As I’ve mentioned elsewhere on the boards, I’m stuck in Chicago for the next few weeks on a family matter. Over the past months when I’ve had to be here, I’ve kept the radio tuned to WFMT, the classical station, which has kept me entertained in a fine fashion, playing lots of the more obscure music that I love, and FAR fewer warhorses than New York classical stations play.
This weekend they’re playing American composers ONLY, as a tribute to the Glorious Fourth. Well, fine, I can see that. Of course, you can imagine what I’m getting to listen to.
I’ve probably heard “Rhapsody in Blue” six times, and “An American in Paris” four. Barber’s “Adagio for Strings,” a dozen.

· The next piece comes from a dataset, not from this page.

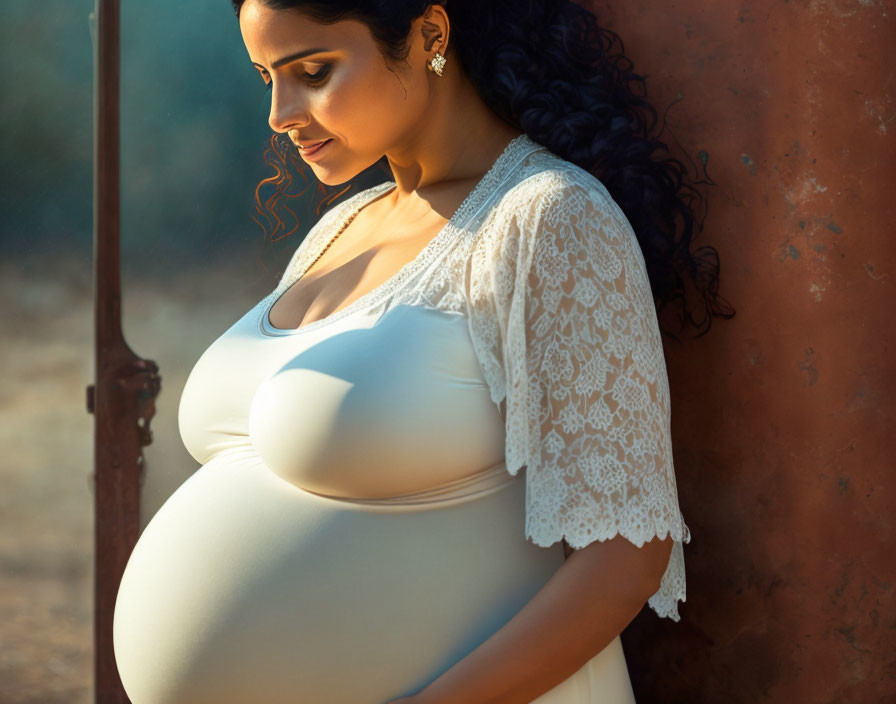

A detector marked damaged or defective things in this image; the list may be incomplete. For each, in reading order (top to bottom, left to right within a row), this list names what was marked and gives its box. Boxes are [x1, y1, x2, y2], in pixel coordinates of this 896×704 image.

rusty metal wall [580, 1, 896, 704]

Enough Louis Marie Gottschalk and Edward MacDowall to make me fully understand why they are considered “minor composers.” John Phillip Sousa, God help me. Charles Tomlinson Griffes…well okay, I like Griffes a lot. But in SMALL DOSES. Ditto Leonard Bernstein. A smattering of Riegger, Piston, Diamond, Sessions. Virgil Thomson, shoot me now.
No Charles Ives! No Gerorge Antheil! No Elliott Carter! Can’t spook the ears of the Midwestern burghers!
And certainly WAY MORE Aaron Copland than I ever hoped to hear. This, I think, is killing me more than anything else. AARON COPLAND IS RECOGNIZABLE WITHIN SIX BARS OF ANYTHING HE EVER WROTE, because EVERYTHING AARON COPLAND WROTE SOUNDS EXACTLY ALIKE.
Aaron Copland is also considered the God of 20th century American music, because of his hard work getting people to respect it. He started Tanglewood or some damn thing. So the Academy LOVES him. And the Common Man loves him, because his shit is very accessible. No scary atonal stuff. Not too many drums. No slithery rhythms.
I have never owned a recording of an Aaron Copland piece except for “Appalachian Spring,” which is the one Aaron Copland piece you should have, 'cause it’s pretty good, and everything else he wrote sounds exactly like it.